ところが、この計画を知った一部の市民が放射性物質を含む灰が飛散することなどを懸念して、京都市や保存会に抗議や意見を送りました。その数は数十通程度だったそうです。京都市、保存会では使用予定の松の汚染検査を実施して汚染がないことを確認しましたが、結局受け入れを中止し、8月8日に陸前高田市で「迎え火」として燃やしました。
今度はこの決定に対して1000件を超す抗議が殺到し、8月10日に保存会は一転して新たに薪を取り寄せて8月16日の送り火で燃やすことを決定しました。
以上が8月10日時点での顛末です。このドタバタの何が問題なのか考えてみましょう。
まず、原発から240km離れた土地で薪の表面に付着した程度の放射性物質が何らかの悪影響を及ぼすことはほぼ考えられませんが、今回はわざわざ検査、それも簡易検査だけでなく成分検査まで行った上で汚染がないことを確認しており、放射性物質に対する懸念は全くありません。それでも、「なんとなく」不安に感じる人がいるのは自然なことですし、その中の何人かが抗議や意見をするのも責めるべきことではないでしょう。これが地元の有志だけで細々とやっている小さな祭りであれば、「やっぱり止めておこうか」としてもそれほど大きな問題にはならないでしょう。ところが五山の送り火というのは、形こそ保存会が主催する地元の祭りですが実態は日本を代表する祭りの一つであり、京都市にとっては一日の集客力が祇園祭を凌いで年間最大を誇る一大観光資源です。このように公的な性格を持ってしまっている以上、保存会の決定は地元を越えて多方面に多大な影響を与えてしまいます。
一部の人が根拠なく「なんとなく不安だから止めて欲しい」と言ってくることは自然なことですが、公的な性格を持つ主催者はそれを安易に認めるべきではありません。かなりのコストを掛けて成分分析までしているのですから、「ちゃんと検査して安全を確認しています」ときっぱりと断るべきでした。検査で汚染のないことを確認した上で受け入れを拒否するということは、科学的に根拠がなくても「穢れた」東北の物は京都には入れない、という意思表示ととらえられかねません。外部の人の一部は、それを京都人の意思と判断するでしょう。今は京都を離れていますが京都を愛する者として、これはとても残念です。

Gozan-no-Okuribi, more commonly known as Daimonji, is a famous festival in Kyoto. A big character shaped fire on a hill side highlighted in a dark is one of Kyoto’s icon. The hill, or the mountain as the locals call, is very close to where I used to live and very familiar to me.

This year, there was an argument about Okuribi. An artist living in Kyushu suggested that they should use pine from tsunami stricken Rikuzentakata as firewood, with messages of requiem on it. Both Rikuzentakata city and the organizer of Okuribi liked the idea and agreed. Pine was collected and messages were written.

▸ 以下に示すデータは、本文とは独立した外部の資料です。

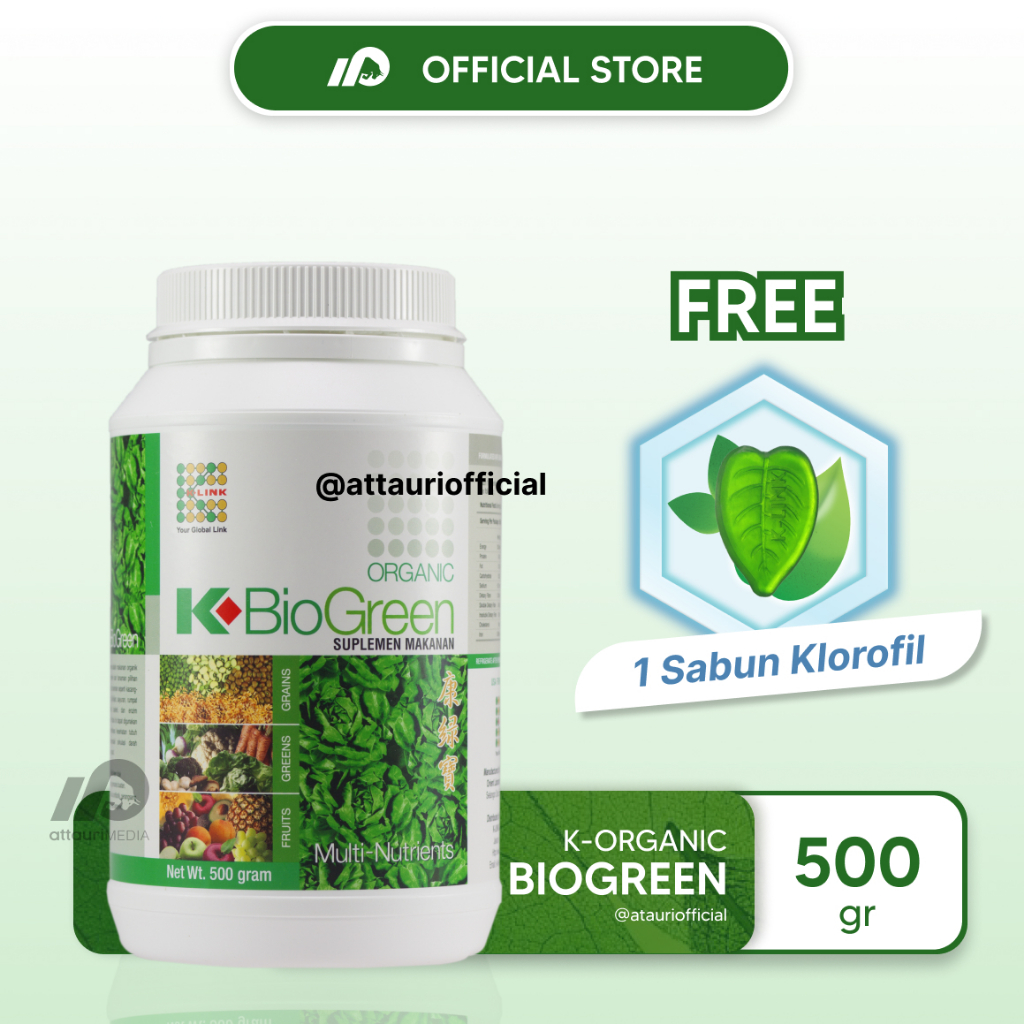 K-BioGreen 500gr Organic dan 1 SHAKER K-BioGreen Multi-Nutriens 500 gr Bio Green Diet Alami Attauri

Then, some people in Kyoto who heard the plan felt uneasy because they thought there might be some radioactivity from Fukushima Daiichi NPP on the wood and burning it might contaminate Kyoto. Some tens of messages of protest were sent to the organizer.
The organizer and Kyoto city carried on a thorough inspection on the wood and detected no radioactivity. Still, they decided not to accept those wood. The wood was burnt at Rikuzentakata, as welcome fire, or Mukaebi (Okuribi means send off fire) on the next day. Soon after they announced the decision, they received much more messages of protest, this time against their decision. Regret or not, the wood was already burnt. They decided to collect another pine from Rikuzenntakata and burn them at Okuribi on August 16th. That was what happened until August 10th, 2011.

Worrying about radioactivity at Rikuzentakata, which is 240km away from the NPP, is scientifically nonsense. Moreover, they carried on componential analysis and confirmed that there was no radioactivity on the wood. Denying to accept even though the safety is confirmed, can be read as a message saying, “Kyoto will never accept anything from contaminated Tohoku, regardless of scientific basis.”
I truly love Kyoto, which is my second home town and where Taro was born. That’s why I feel very sorry about this stupid argument.